> _What you have to do_
In the entries that follow, the first line to write out is the one containing "Vans Artist Collaboration", and the last is the one containing "NWT new Anthropologie". Reproduce that stretch exactly, with nothing before or after it.

:: Data shown ::

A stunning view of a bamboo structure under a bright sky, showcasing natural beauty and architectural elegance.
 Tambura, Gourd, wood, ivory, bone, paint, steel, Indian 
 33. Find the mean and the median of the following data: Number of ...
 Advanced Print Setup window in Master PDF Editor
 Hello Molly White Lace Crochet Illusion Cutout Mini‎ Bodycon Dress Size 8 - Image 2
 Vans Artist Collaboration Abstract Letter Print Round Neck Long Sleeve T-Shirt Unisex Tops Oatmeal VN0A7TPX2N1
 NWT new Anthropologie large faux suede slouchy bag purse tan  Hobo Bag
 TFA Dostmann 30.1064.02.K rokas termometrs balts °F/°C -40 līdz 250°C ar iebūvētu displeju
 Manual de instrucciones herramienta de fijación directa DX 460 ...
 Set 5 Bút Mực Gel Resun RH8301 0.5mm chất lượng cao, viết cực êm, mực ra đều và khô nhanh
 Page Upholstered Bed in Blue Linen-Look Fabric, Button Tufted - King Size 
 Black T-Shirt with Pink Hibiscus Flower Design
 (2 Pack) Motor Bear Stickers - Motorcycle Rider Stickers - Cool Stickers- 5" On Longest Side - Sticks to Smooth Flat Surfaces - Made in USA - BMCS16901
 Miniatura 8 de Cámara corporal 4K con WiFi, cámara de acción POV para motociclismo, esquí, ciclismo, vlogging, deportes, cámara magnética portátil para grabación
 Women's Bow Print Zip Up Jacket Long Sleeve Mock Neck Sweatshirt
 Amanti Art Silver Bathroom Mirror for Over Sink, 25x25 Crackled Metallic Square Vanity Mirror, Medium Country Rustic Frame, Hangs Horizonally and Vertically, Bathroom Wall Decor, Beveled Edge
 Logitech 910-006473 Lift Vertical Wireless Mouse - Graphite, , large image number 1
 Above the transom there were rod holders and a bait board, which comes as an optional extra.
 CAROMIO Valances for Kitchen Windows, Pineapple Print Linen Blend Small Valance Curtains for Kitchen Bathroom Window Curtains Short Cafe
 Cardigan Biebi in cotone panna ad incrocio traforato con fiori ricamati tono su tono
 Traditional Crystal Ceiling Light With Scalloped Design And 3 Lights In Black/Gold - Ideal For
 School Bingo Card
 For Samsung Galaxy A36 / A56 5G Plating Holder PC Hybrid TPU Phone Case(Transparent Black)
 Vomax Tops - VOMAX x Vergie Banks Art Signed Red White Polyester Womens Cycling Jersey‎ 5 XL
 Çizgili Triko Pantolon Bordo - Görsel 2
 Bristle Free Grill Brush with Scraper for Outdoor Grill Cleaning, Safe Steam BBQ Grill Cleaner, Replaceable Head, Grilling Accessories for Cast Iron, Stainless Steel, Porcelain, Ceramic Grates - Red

:::

> _Problem solution_
 Vans Artist Collaboration Abstract Letter Print Round Neck Long Sleeve T-Shirt Unisex Tops Oatmeal VN0A7TPX2N1
 NWT new Anthropologie large faux suede slouchy bag purse tan  Hobo Bag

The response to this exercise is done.